AThe algorithm crashes because priority queues cannot store negative keys
BThe algorithm runs correctly but is slower than usual
CThe algorithm may return incorrect shortest paths because settling a node is no longer guaranteed to be final
DThe algorithm works as long as the negative edge is not on the shortest path
Dijkstra's correctness rests on the greedy guarantee: once a node is pulled from the priority queue, its recorded distance is final. This holds only because all edge weights are non-negative — no future path can be cheaper than the one already settled. A negative edge breaks this: a later path through a negative-weight edge could undercut an already-finalized distance. The algorithm won't crash, but it may report a non-optimal path. Bellman-Ford handles negative weights correctly.
Question 2 Multiple Choice
Why does Dijkstra's algorithm use a priority queue (min-heap) instead of the regular FIFO queue used in BFS?
AA priority queue is required to handle graphs with cycles; a FIFO queue would loop infinitely
BBFS visits all neighbors at once, which doesn't work for weighted graphs; the priority queue ensures we always extend the cheapest known path next
CPriority queues are faster than FIFO queues for all graph traversal tasks
DThe FIFO queue cannot store weighted edges, so a priority queue is used as a workaround
BFS works for unweighted graphs because every edge costs 1 — the first time you reach a node is the cheapest route. With unequal weights, the first-found path is not guaranteed to be cheapest. The priority queue ensures that among all currently-known paths, we always extend the one with the smallest total cost so far. This is the greedy insight: committing to the cheapest frontier node is always safe when weights are non-negative.
Question 3 True / False
Dijkstra's algorithm may return incorrect shortest paths if any edge in the graph has a negative weight.
TTrue
FFalse
Answer: True
The correctness proof depends entirely on the invariant that once a node is settled (pulled from the priority queue), its distance is final. With non-negative weights, this holds because adding more edges can only increase total cost. A negative edge breaks the invariant: a path through that edge might later be discovered to be cheaper than what was already settled. The algorithm produces wrong answers in such cases — not a crash, just incorrect output.
Question 4 True / False
Dijkstra's algorithm visits nodes in the order they were first discovered, just like BFS.
TTrue
FFalse
Answer: False
BFS visits nodes in discovery order (FIFO). Dijkstra visits nodes in order of their current best-known distance from the source. A node discovered early might have a large initial estimate and be visited late; a node discovered later might jump to the front of the priority queue because it has a very low total cost path. This is the fundamental difference: Dijkstra is driven by cost, not by discovery order.
Question 5 Short Answer
Explain the greedy guarantee behind Dijkstra's correctness: why is it safe to permanently finalize a node's shortest distance when it is extracted from the priority queue?

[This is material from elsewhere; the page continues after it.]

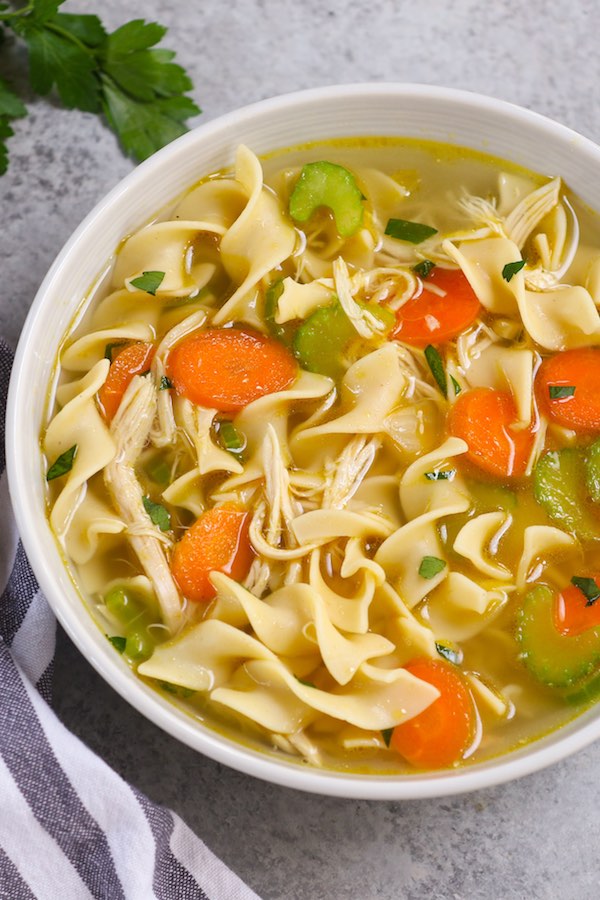 A white bowl filled with chicken and noodle soup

Think about your answer, then reveal below.
Model answer: When a node is pulled from the priority queue, it has the smallest current distance among all unvisited nodes. Any alternative path to that node would have to go through other unvisited nodes first — but those nodes all have equal or greater distance. Since edge weights are non-negative, adding more edges can only increase or maintain the total cost, never decrease it. Therefore, no future path can be cheaper than the one already recorded. The finalization is safe precisely because costs cannot decrease as you extend a path.
This greedy guarantee is what makes Dijkstra efficient and correct simultaneously. It allows us to 'close' each node permanently in one pass rather than revisiting it. The non-negative weight requirement is not an arbitrary restriction — it is exactly the condition that makes the guarantee valid. Negative edges allow future paths to be cheaper than settled ones, which is why Bellman-Ford (which doesn't finalize nodes permanently) is needed for those cases.